Dalam cerpen “Telinga” karya
Seno Gumira terdapat unsur setting berupa waktu, tempat, dan suasana. Waktu
dalam cerpen tersebut bisa ditemukan saat Dewi menerima amplop cokelat dari
pacarnya, saat malam-malam Dewi merindukan pacarnya, dan setiap pagi setelah
Dewi bangun tidur.
“Pada suatu hari yang indah, Dewi mendapat kiriman dari pacarnya yang sedang bertugas di medan
perang.”
“Kadang-kadang, bila Dewi merindukan pacarnya, ia memandangi telinga itu
sendirian malam-malam.”
“Setiap pagi, setelah bangun
tidur, Dewi mengepel lantai ruang
tamu yang menjadi merah karena darah yang menetes-netes dari telinga itu.”
Begitu pula dengan setting tempat
juga dapat ditemukan yaitu di medan perang, dan dari sebuah kubu perlindungan.

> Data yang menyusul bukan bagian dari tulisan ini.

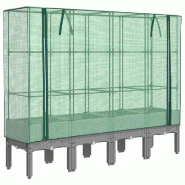 Helloshop26 - Jardinière bac lit surélevé plantes fleurs terrasse jardin surélevée avec housse aspect rotin 160 x 40 x 140 cm gris 02_0038759 - g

“Nun di medan perang pacar
Dewi sibuk membantai orang. Segenap prajurit yang dikirim ke medan perang itu
telah menjadi sangat sibuk karena setiap orang mengadakan perlawanan.”
“Dari sebuah kubu
perlindungan, pacar Dewi menulis surat.”
Setting suasana terlihat saat Dewi menerima kiriman telinga sebagai
kenang-kenangan dari pacarnya beserta catatan, saat Dewi iba dan khawatir
terhadap pacarnya, saat perang, dan saat pacar Dewi memenggal kepala dan
memotong telinga.
“Kadang-kadang, bila Dewi merindukan
pacarnya, ia memandangi telinga itu sendirian malam-malam.”

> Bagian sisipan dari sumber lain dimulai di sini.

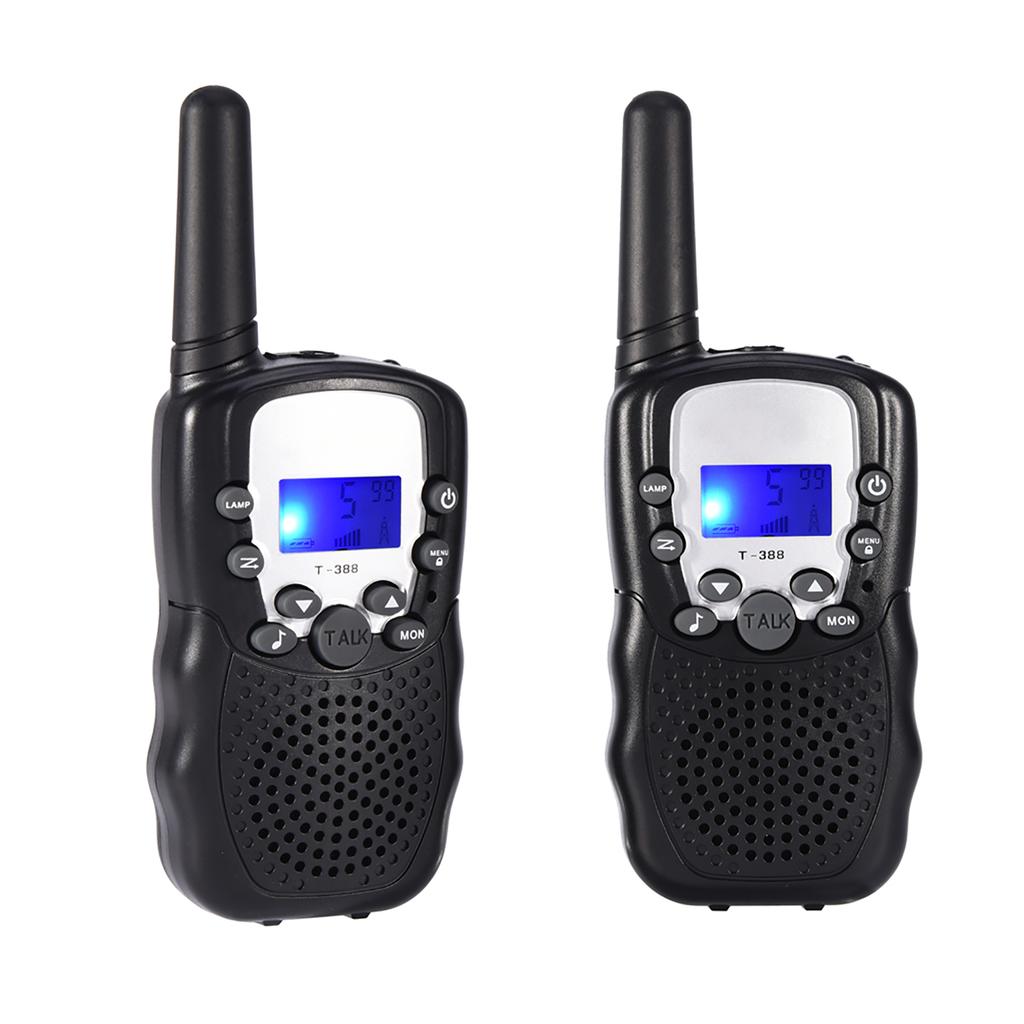 2PCS 3KM Range Multi Channels  S 2 Way Radio Kids Toy for Outdoor Activity Black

“Engkau pasti sangat lelah bertempur setiap hari dan menembaki musuh sampai mati. Untung engkau
masih punya hiburan memotong telinga orang-orang yang dicurigai. Aku tidak bisa membayangkan seandainya
tidak ada orang-orang yang dicurigai yang bisa dipotong telinganya. Engkau
pasti akan sangat kesepian.”
“Kalau musuh datang menyerbu,
kami tinggal menembaknya. Tapi suara-suara itu bertebaran di udara tanpa bunyi,
sehingga kami tidak akan pernah tahu siapa yang kira-kira sudah mendengarnya.
Semua orang seolah-olah bisa tiba-tiba saja berubah menjadi pemberontak. Kami
tidak akan pernah tahu siapa lawan siapa kawan, kami terpaksa membantai
semuanya.”
“Jadi, kami bersepakat untuk memenggal
saja kepala orang-orang yang dicurigai …. Dari
kepala-kepala itulah kupotong telinga-telinga
yang kukirimkan kepadamu.”
Dari beberapa kutipan tentang setting suasana. Maka dapat disimpulkan
bahwa terdapat suasana senang, khawatir, ngeri, tegang, takut, iba, dan haru.
Selain itu juga, setting dalam cerpen tersebut bersifat fisik dan
psikis. Sifat fisik dapat diketahui dari kapan cerita itu berlangsung dan juga
di mana. Cerita ini berlangsung saat terjadi peperangan di medan perang.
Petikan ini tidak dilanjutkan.